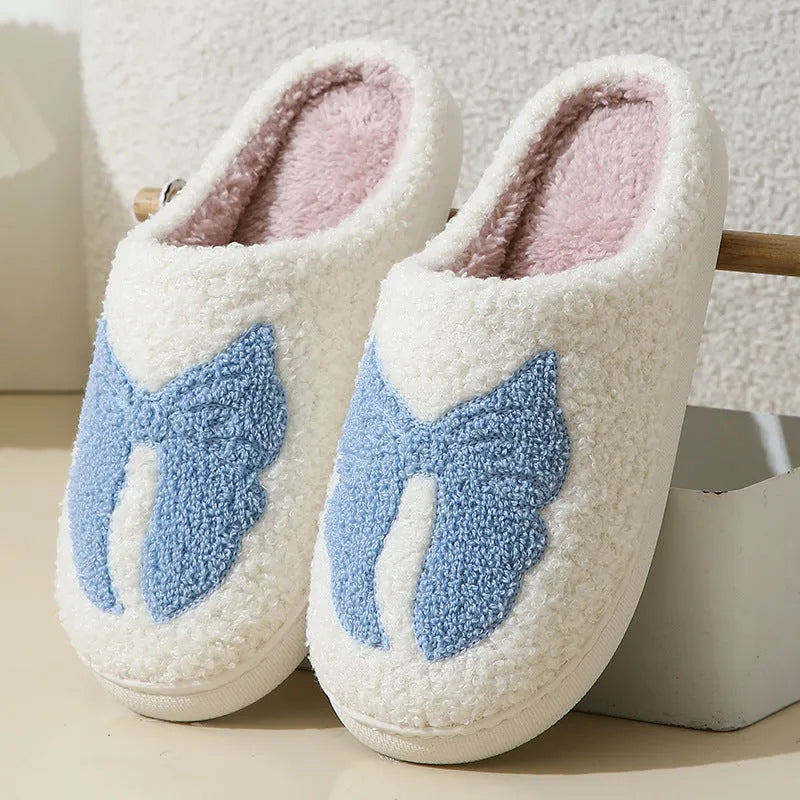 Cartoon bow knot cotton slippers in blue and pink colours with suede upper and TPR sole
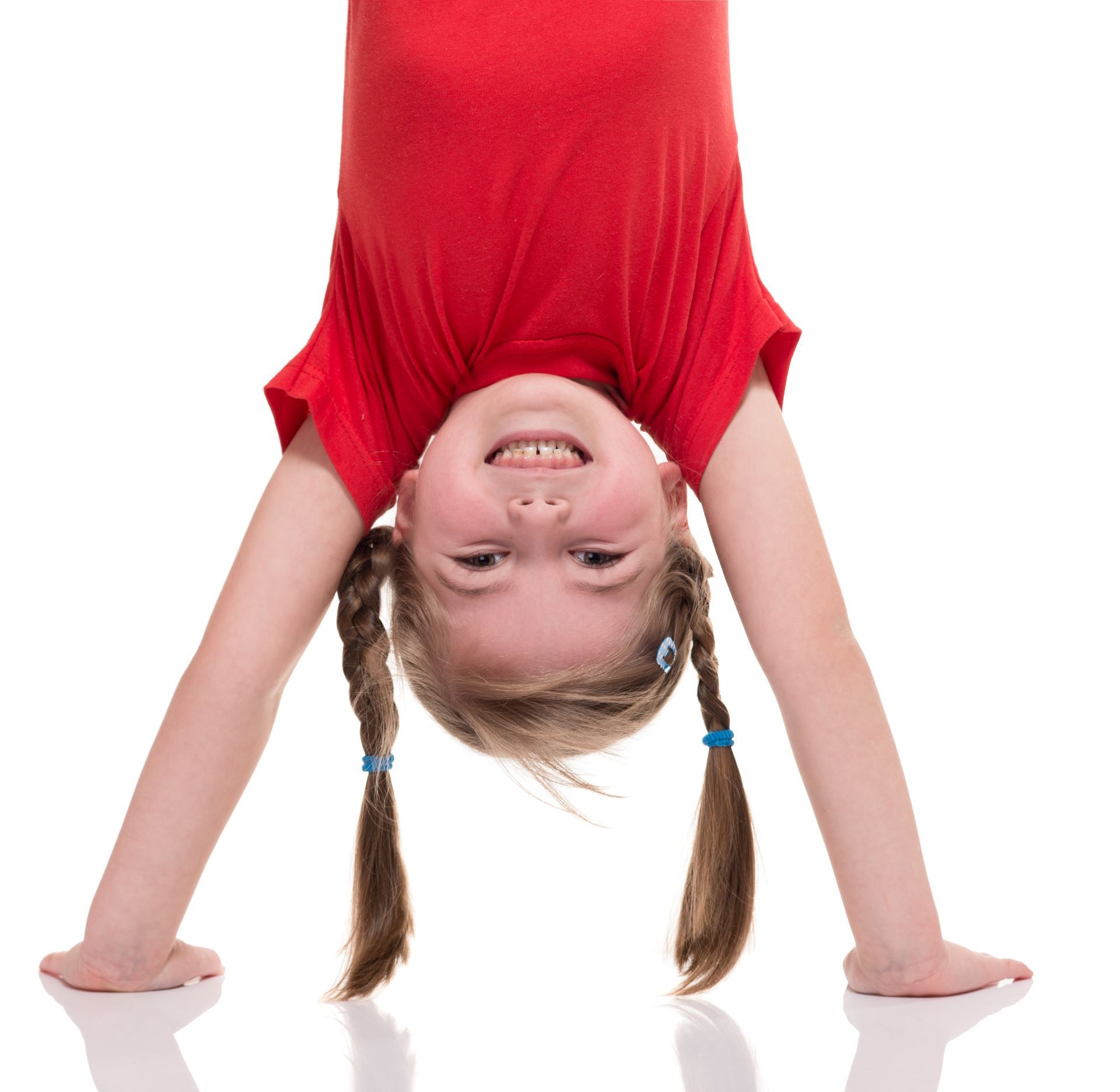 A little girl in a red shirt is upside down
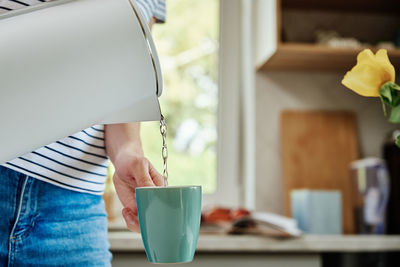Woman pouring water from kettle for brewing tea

▶ **Problem**: Output all lines above precisely. Pictures are to be left out.

▶ **Output for this task**:
 Cartoon bow knot cotton slippers in blue and pink colours with suede upper and TPR sole
 A little girl in a red shirt is upside down
Woman pouring water from kettle for brewing tea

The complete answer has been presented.